On Monday HSBC announced intentions to lay off 30,000 employees by 2013, a move that Goldman Sachs indirectly caused, says one expert.
"The political atmosphere enabled them," said Ethan Cohen-Cole, assistant professor of finance of the Robert H. Smith School of Business at the University of Maryland-College Park. "Goldman (Sachs) triggered and enabled some others to make what would have otherwise been unpopular moves."
Goldman Sachs was one of the first major bank companies to announce its intentions to lay off United States employees this summer, while moving a portion of the jobs to Singapore. Shortly thereafter, UBS, Credit Suisse, and now HSBC, announced intentions to lay off employees.
"It shows you what is wrong with the whole process," Peter Cappelli, professor of management at the Wharton School of Business at the University of Pennsylvania, said. "Companies are putting too much emphasis on how they think the investing industry will read their actions versus what they actually need to do."
One thing that banking companies have done is move jobs from high cost areas, like New York City, to lower-cost areas, such as Salt Lake City, Utah, India and the Philippines. While moving jobs internationally isn't a new phenomenon, it does come at a time when government officials are desperate to lower the 9.2 percent unemployment rate.
One of the interesting aspects of the cuts is they were not made by only struggling companies. On the same day as its layoff announcement, HSBC actually announced that its second quarter profit numbers bested analyst expectations.
Instead, most are simply restructuring moves to maintain profitability in an industry affected by increased financial regulations. Some experts have speculated the Dodd-Frank Act of 2010, meant to place further financial regulations on banks, has caused some of the restructuring.
Cappelli and Cohen-Cole disagree on the extent of the impact, though companies in the past, such as MetLife, have indicated the increased regulations played into some of their banking operation decisions.
Regardless of the reasons, companies have decided to play follow the Goldman Sachs leader and lay off employees.

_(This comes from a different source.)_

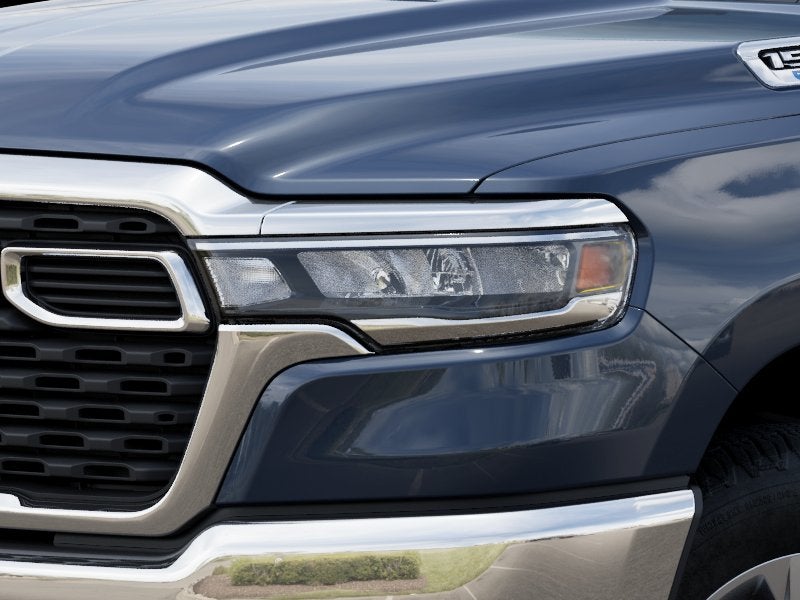 2026 RAM Ram 1500 Tradesman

This situation reminded Capelli of what happened in 1982 when IBM announced layoffs, causing other companies to follow suit and try to make do with less.

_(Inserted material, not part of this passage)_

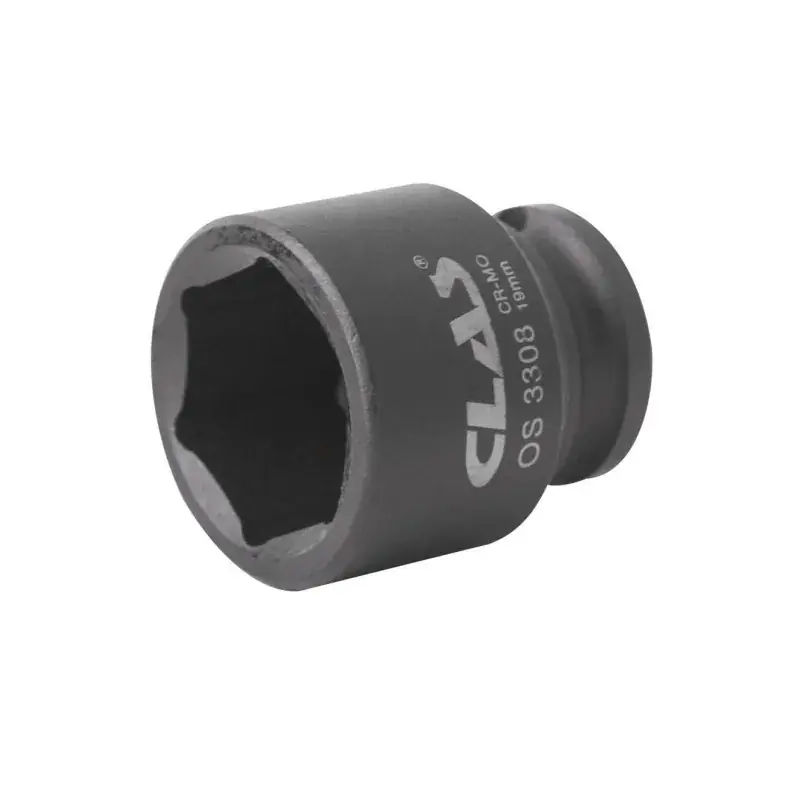 Prix Promo Douille choc 3/8" CLAS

"Investors and pundits were saying if IBM is doing this, why aren't you?" Cappelli said.
HSBC executives claim that the actual number of layoffs will be much less than 30,000 and will rehire some employees once the complete restructuring is finished, but don't expect that anytime soon.
"I think in the short term, one to four years, we are not going to see them adding back these 30,000 jobs," Cohen-Cole said. "This is not a 'We did badly this month and need to make up or numbers through cuts.' It's more structural than that."

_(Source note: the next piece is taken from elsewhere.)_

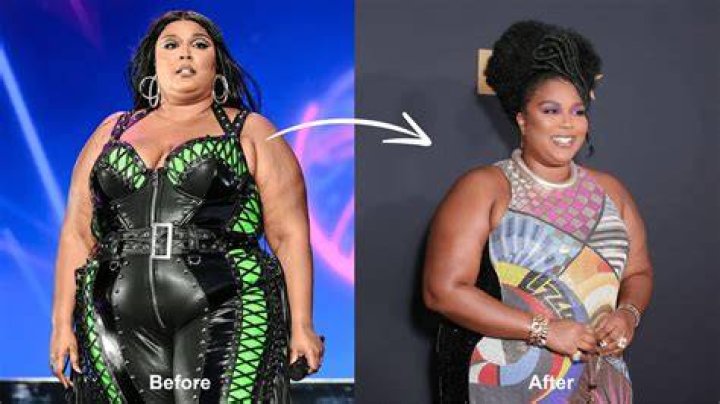 Lizzo's Weight Loss Journey: From Acceptance To Body Positivity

One thing to ultimately keep in mind says Cappelli, is that companies can announce layoffs but not actually lay anyone off. Companies sometimes do this because they think it's what investors want to hear, but the company doesn't actually want to get significantly smaller.
"A lot of companies announce layoffs but never do them," he said. "The reason they do think is because they think it shows that they are serious and are doing something."
Both professors speculated that investors could view the move as "very good," and trading indicates investors viewed the announcement in a favorable light. The company's stock price went up 1.68 percent to a price of $49.69 at time of closing.